In 2015 we did our first study of this issue using granular analysis on a small data sample (4000 servers) for a six month period in 2014, using data from TSO Logic. Now we’re back with a sample four times bigger, covering six months in 2015, and with additional detail on the characteristics of virtual machines.
My colleague at Anthesis, Jon Taylor (with whom I conducted the study) wrote up a nice summary of the work here. You can also download the study at that link.
Here are a few key paragraphs:
Two years on the data set from which the original findings were drawn has grown from 4,000 physical servers to more than 16,000 physical servers and additional information on 32,000 virtual machines (VM) running on hypervisors. The new findings show improvements, as well as an alarming wake-up call.
On the upside: when an enterprise acted to remove physical zombie servers when presented with evidence of the problem’s magnitude, they were able to reduce the amount from 30 percent to eight percent in just one year. On the downside: new data show that some 30 percent of VMs are zombies, demonstrating that the same discovery, measurement, and management challenges that apply to physical servers also apply to VMs.
The study confirms that the issue is still not being adequately addressed. New data indicates that one quarter to one third of data center investments are tied up with zombie servers, both physical and virtual. Virtualization without improved measurement technologies and altered institutional practices is not a panacea. Without visibility into the scale of these wasted resources the problem will continue to challenge the data center industry.
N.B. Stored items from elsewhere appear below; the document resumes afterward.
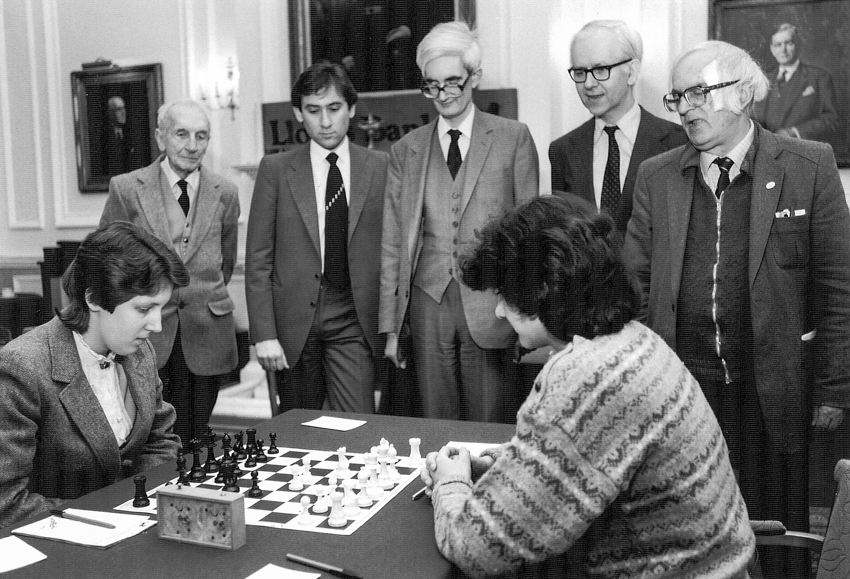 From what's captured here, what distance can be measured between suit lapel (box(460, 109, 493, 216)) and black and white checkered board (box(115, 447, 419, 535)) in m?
1.46

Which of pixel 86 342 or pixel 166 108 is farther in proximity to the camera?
pixel 166 108

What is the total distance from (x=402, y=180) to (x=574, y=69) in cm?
87

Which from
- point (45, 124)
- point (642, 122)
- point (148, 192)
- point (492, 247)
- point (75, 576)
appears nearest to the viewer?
point (75, 576)

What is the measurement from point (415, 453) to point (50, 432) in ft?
3.14

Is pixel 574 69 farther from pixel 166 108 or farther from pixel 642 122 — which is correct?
pixel 166 108

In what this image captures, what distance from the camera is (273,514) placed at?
184 cm

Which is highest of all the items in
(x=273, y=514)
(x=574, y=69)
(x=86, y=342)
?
(x=574, y=69)

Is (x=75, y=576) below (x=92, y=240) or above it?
below

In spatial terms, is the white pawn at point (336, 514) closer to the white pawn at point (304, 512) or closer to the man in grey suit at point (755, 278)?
the white pawn at point (304, 512)

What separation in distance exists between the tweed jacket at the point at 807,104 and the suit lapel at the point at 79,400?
3967mm

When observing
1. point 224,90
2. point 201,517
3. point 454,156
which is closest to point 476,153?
point 454,156

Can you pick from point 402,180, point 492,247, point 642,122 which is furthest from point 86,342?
point 642,122

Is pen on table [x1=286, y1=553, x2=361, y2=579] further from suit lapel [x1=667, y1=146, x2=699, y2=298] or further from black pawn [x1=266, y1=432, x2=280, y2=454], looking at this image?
suit lapel [x1=667, y1=146, x2=699, y2=298]

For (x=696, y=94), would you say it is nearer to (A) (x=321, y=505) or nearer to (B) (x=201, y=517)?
(A) (x=321, y=505) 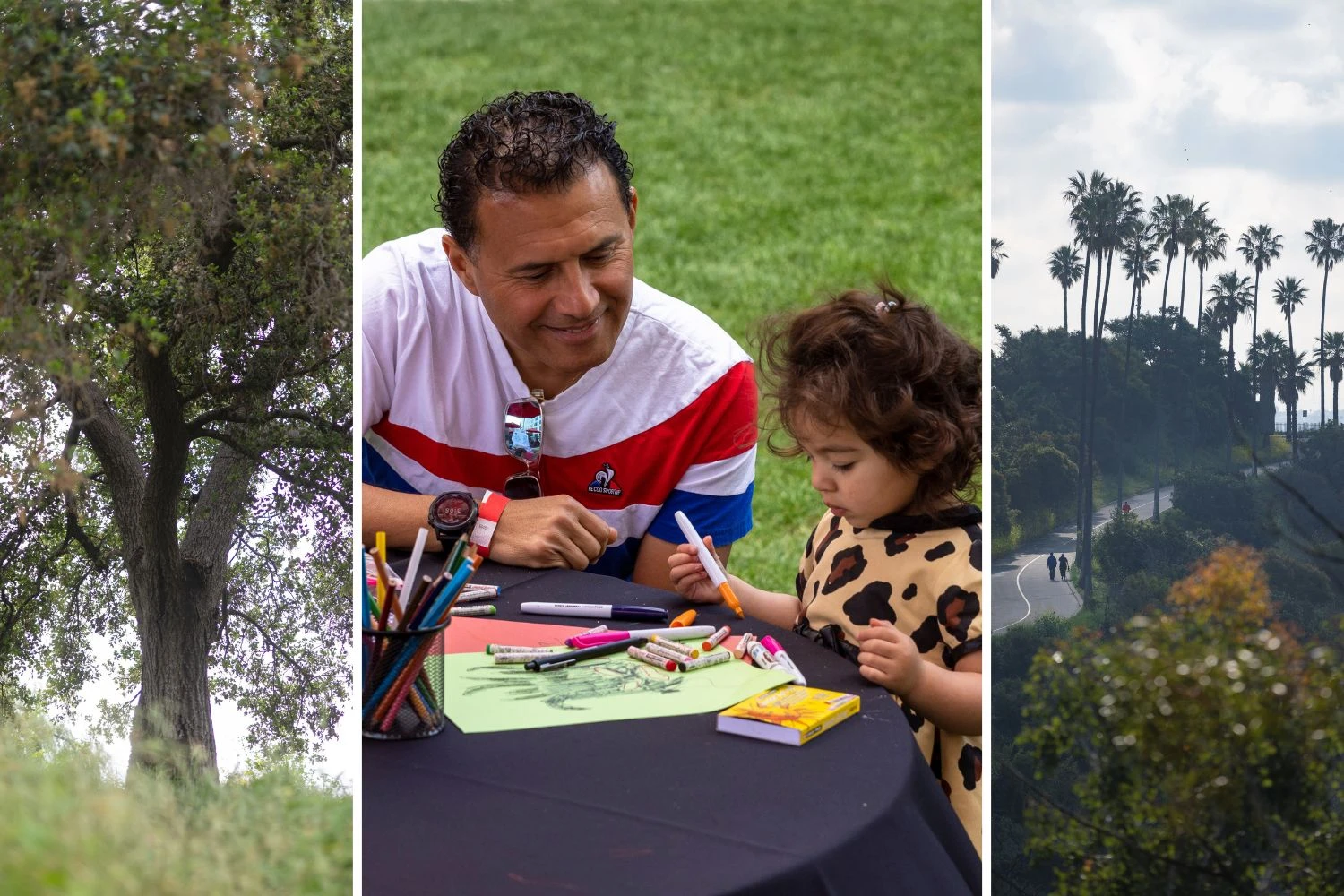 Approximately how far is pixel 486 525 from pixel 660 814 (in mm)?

Here’s a key graph from the report:
There are some complexities in comparing the new data with the older data, because one facility in the 2014 sample decided not to allow its data to be used for the 2015 sample. The remaining facilities in the 2014 sample, when shown evidence that one third of their servers were comatose, took action and moved from more than 30% comatose to 8% comatose in just one year.
We corrected for these changes in an attempt to estimate the percent of comatose servers for enterprises that haven’t dealt with the problem, and the result is an estimate that about one quarter of servers in such companies are comatose (see the middle bar of the figure above).
Surprisingly, the percentage of virtual machines that were comatose was about 30% (see the right most bar above), indicating that the same management failures that lead to high percentages of comatose servers also afflict virtual machines. Virtualization without institutional changes is not a panacea!
One new issue raised in the latest report is important but often overlooked. Zombie servers are likely to not have been updated with the latest security patches, so they present a potent risk to the safety of the data center. Find them and remove them as soon as you can!